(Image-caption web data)
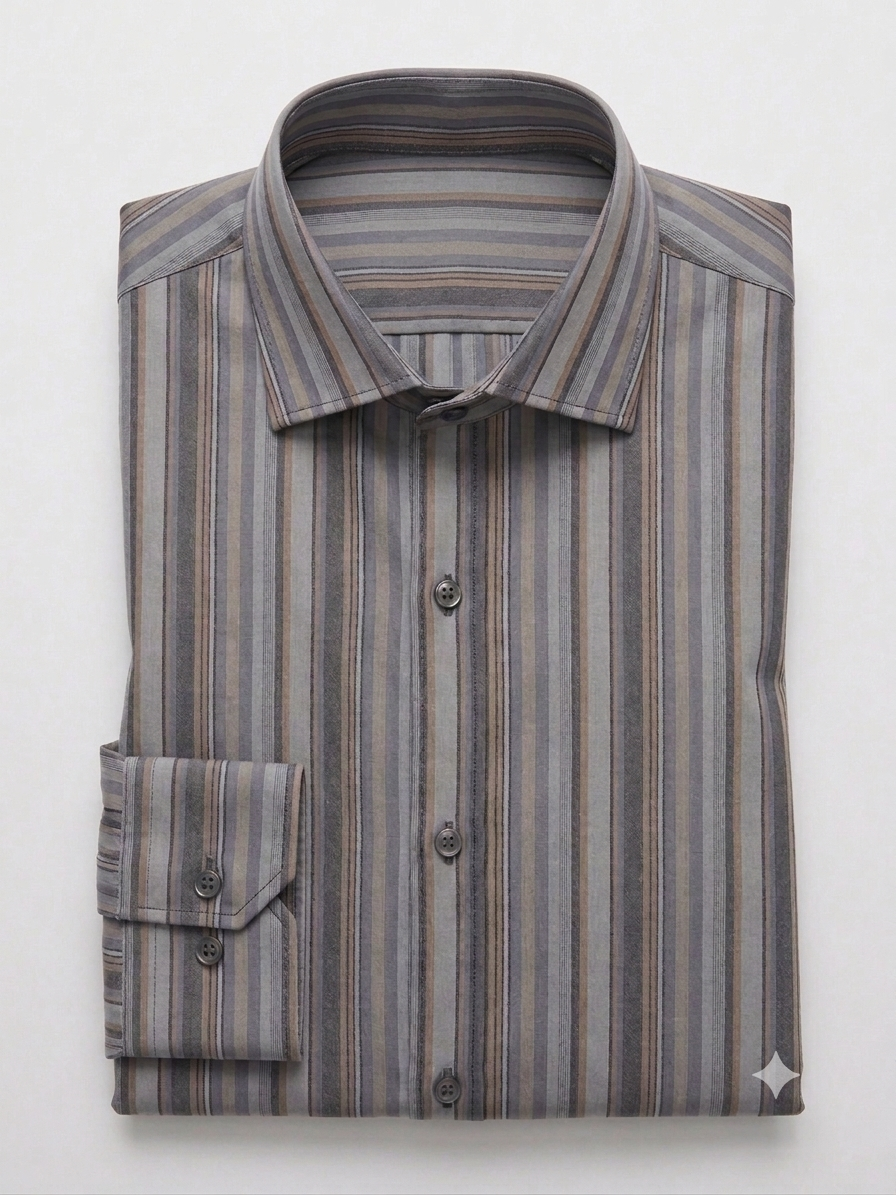 Meridian Tailored Stripe Shirt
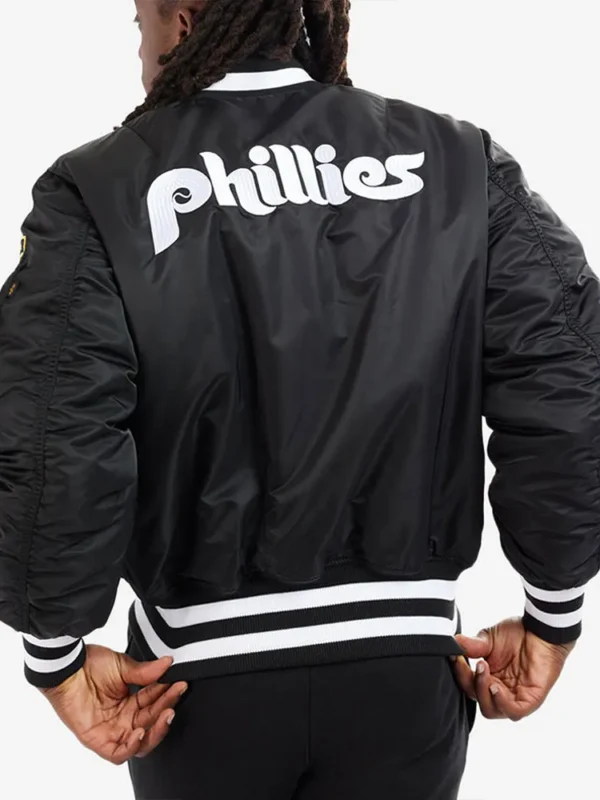 Philadelphia Phillies MA-1 Bomber Jacket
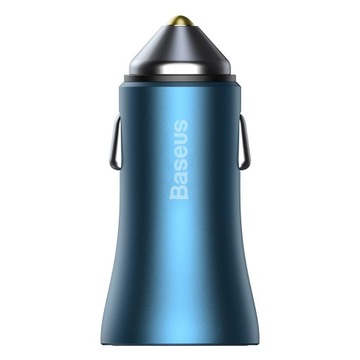 БЛОК ПИТАНИЯ АВТОМОБИЛЬНОГО ЗАРЯДНОГО УСТРОЙСТВА BASEUS 1X USB-C USB-A QC 4.0 PD 40 Вт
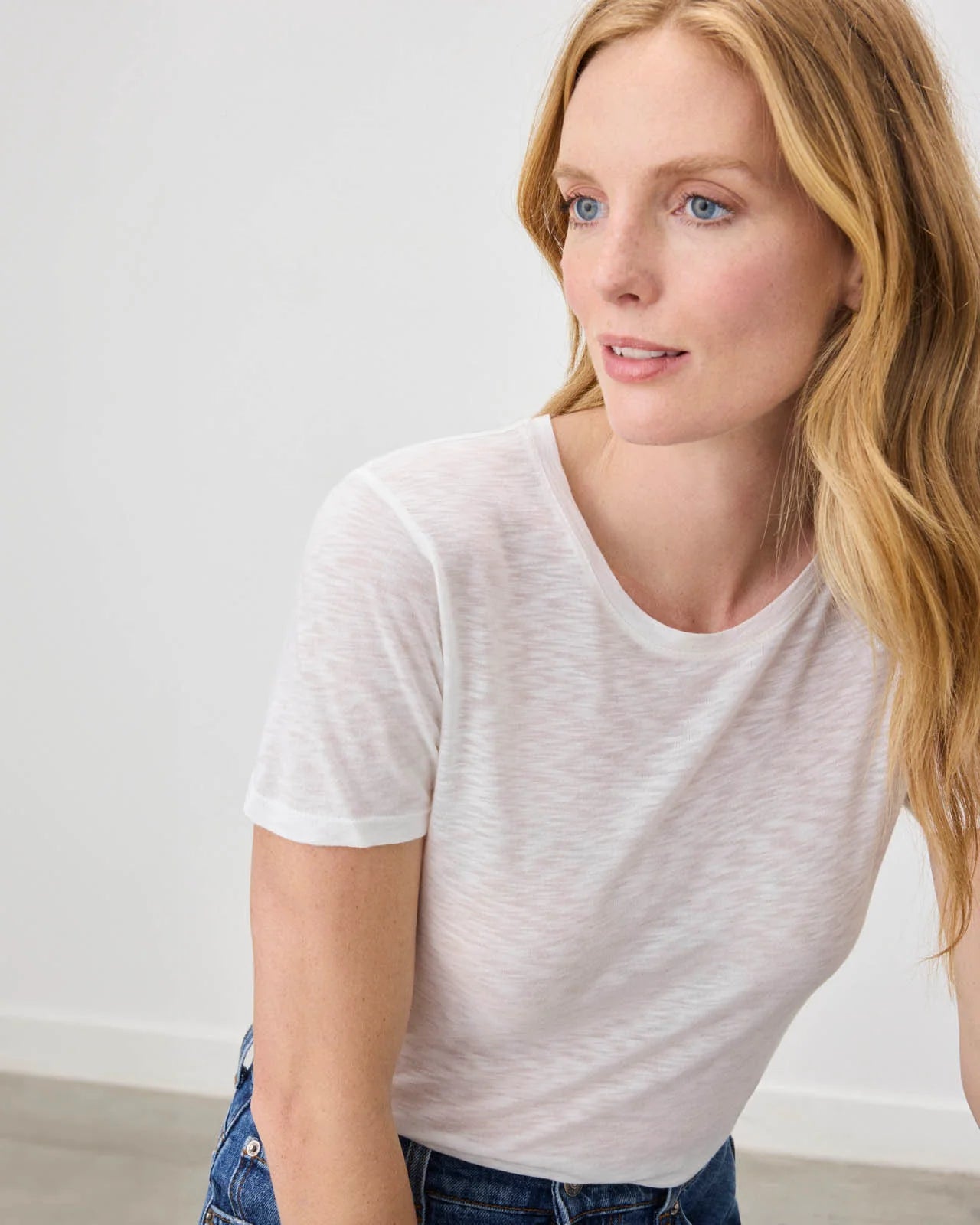 Zoe Slub Tee - White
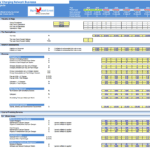 Financial model inputs for EV charging network including revenues, costs, and tax assumptions.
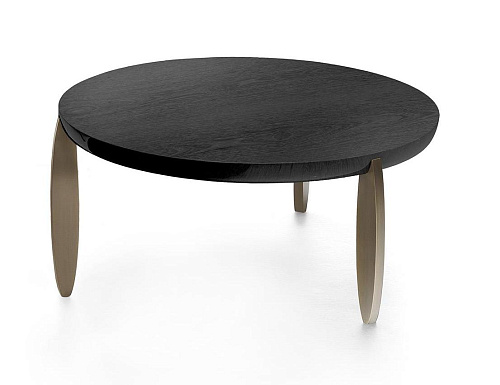 Unique Bronze Trio-Leg Coffee Table
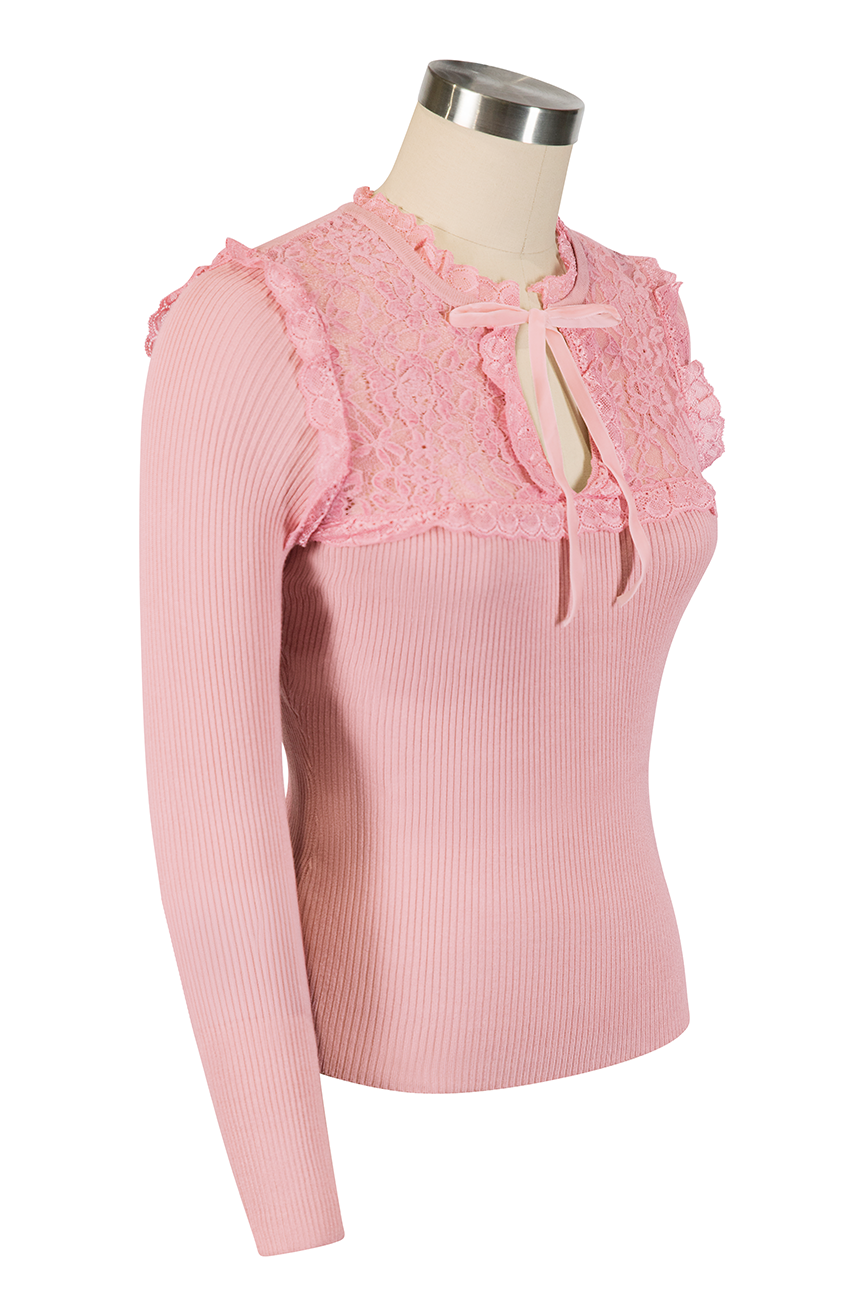 Anastasia Knit Top (Dusty Pink)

## Your objective
Write the lines from the line containing "Unique Bronze Trio-Leg Coffee Table" through the last line of the data out again exactly, and only those lines; pictures stay out.

## Task output
 Unique Bronze Trio-Leg Coffee Table
 Anastasia Knit Top (Dusty Pink)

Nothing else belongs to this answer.